WILD DATE. SPANISH BAYONET.

Yucca Mohavensis, Sargent. Lily Family.

Trunk.—Usually simple; rarely exceeding fifteen feet high; six or eight inches in diameter; naked, or covered with refracted dead leaves, or clothed to the ground with the living leaves. Leaves.—Linear-lanceolate; one to three feet long; one or two inches wide; rigid; margins at length bearing coarse recurved threads. Flowers.—In short-stemmed or sessile, distaff-shaped panicles, a foot or two long; pedicels eventually drooping, twelve to eighteen lines long. Perianth.—Broadly campanulate. Segments.—Six; thirty lines long; six to twelve wide.
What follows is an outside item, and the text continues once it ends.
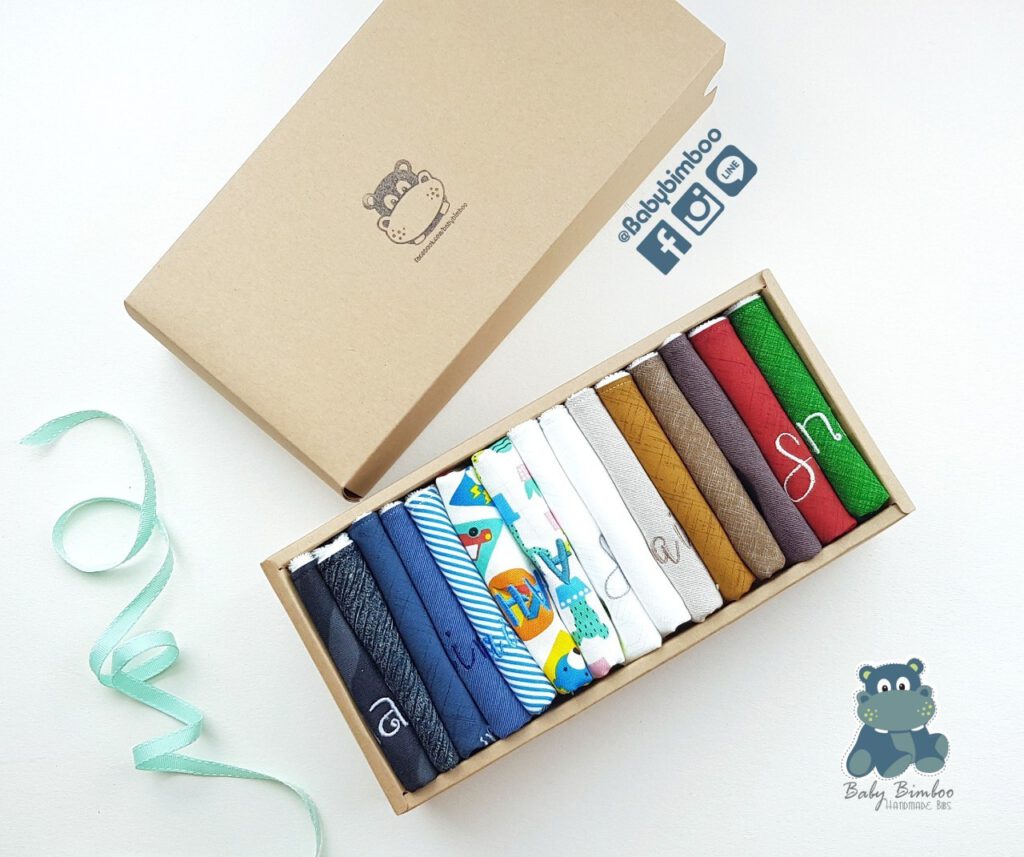 ผ้ากันเปื้อนเด็กปักชื่อพร้อมห่อของขวัญ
Stamens.—Six; six to nine lines long; filaments white, club-shaped. Ovary.—Oblong; white; an inch or two long, including the slender style. Stigmas three. Fruit.—Cylindrical; three or four inches long; pendulous, pulpy. Syn.Yucca baccata, Torr. Hab.—Southern California, from Monterey to San Diego; coast and inland.

The genus Yucca comprises sixteen or eighteen species, and reaches its greatest development in Northern Mexico. Three species are to be found within our borders, two of which are arborescent, Y. arborescens, and Y. Mohavensis. Considerable confusion has hitherto reigned among the species, but they are now better understood.
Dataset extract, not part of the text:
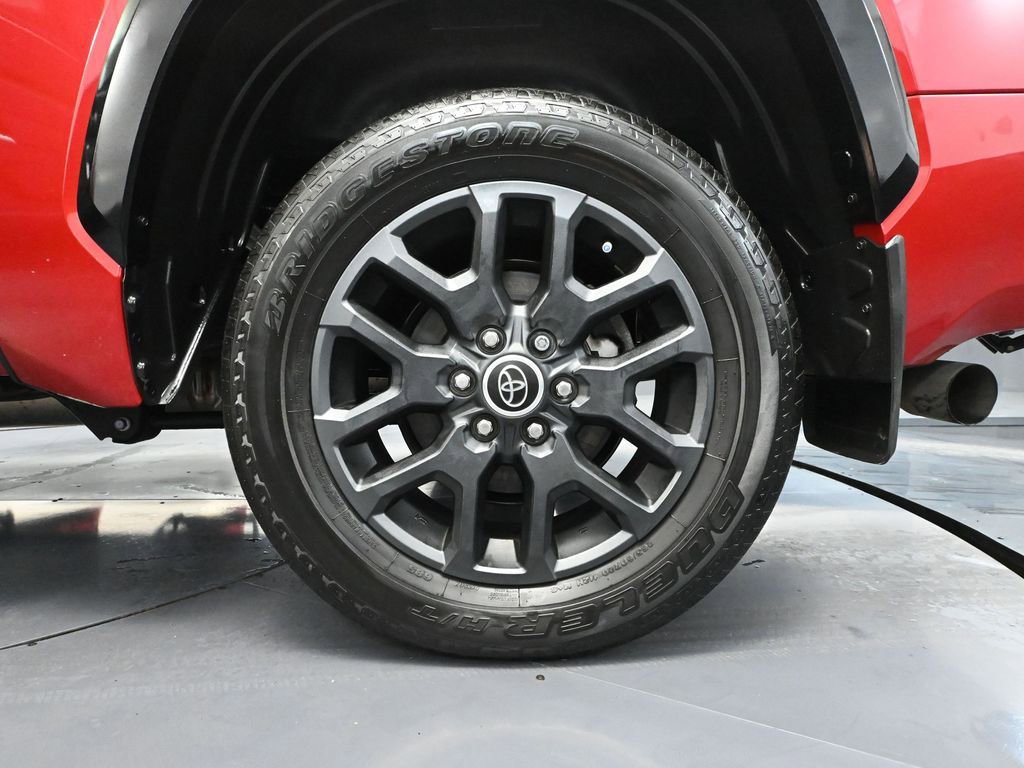 Used 2022 Toyota Tundra Platinum image 11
They are all valuable to our Indians as basket and textile plants, and are useful to them in many other ways.

Owing to the structure of the flowers, self-fertilization seems impossible, and scientists who have made a study of the subject say that these plants are dependent upon a little white, night-flying moth to perform this office for them. This little creature goes from plant to plant, gathering the pollen, which she rolls up into a ball with her feet. When sufficient has been gathered, she goes to another plant, lays her egg in its ovary, and before leaving ascends to the stigma and actually pushes the pollen into it, seeming to realize that unless she performs this last act, there will be nothing for her progeny to eat. This seems an almost incredible instance of insect intelligence; but it is a well-authenticated fact.
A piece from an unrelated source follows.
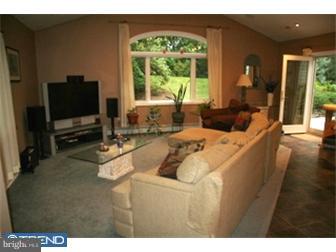 92 Verona Road Broomall, PA 19008 - Photo 5 of 12 Great Room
Yucca Mohavensis, commonly called "wild date," or "Spanish bayonet," is more widely distributed within our borders than either of our other species. Its large panicle of overpoweringly fragrant white waxen bells is a striking object wherever seen. On the coast this yucca is often stemless, but in the interior, where it is more abundant, it rises to a considerable height, and culminates upon the Mojave Desert, where the finest specimens are found.

The fruit, which ripens in August and September, turns from green to a tawny yellow, afterward becoming brownish purple, and eventually almost black. This has a sweet, succulent flesh, and, either fresh or dried, is a favorite fruit among the Indians. Dr. Palmer writes that this is one of the most useful plants to the Indians of New Mexico, Arizona, and Southern California. They cut the stems into slices, beat them into a pulp, and mix them with the water in washing, as a substitute for soap.

The leaves are parched in ashes, to make them pliable, and are afterward soaked in water and pounded with a wooden mallet. The fibers thus liberated are long, strong, and durable, and lend themselves admirably to the weaving of the gayly decorated horse-blankets made by the tribes of Southern California. They also make from it ropes, twine, nets, hats, hair-brushes, shoes, mattresses, baskets, etc.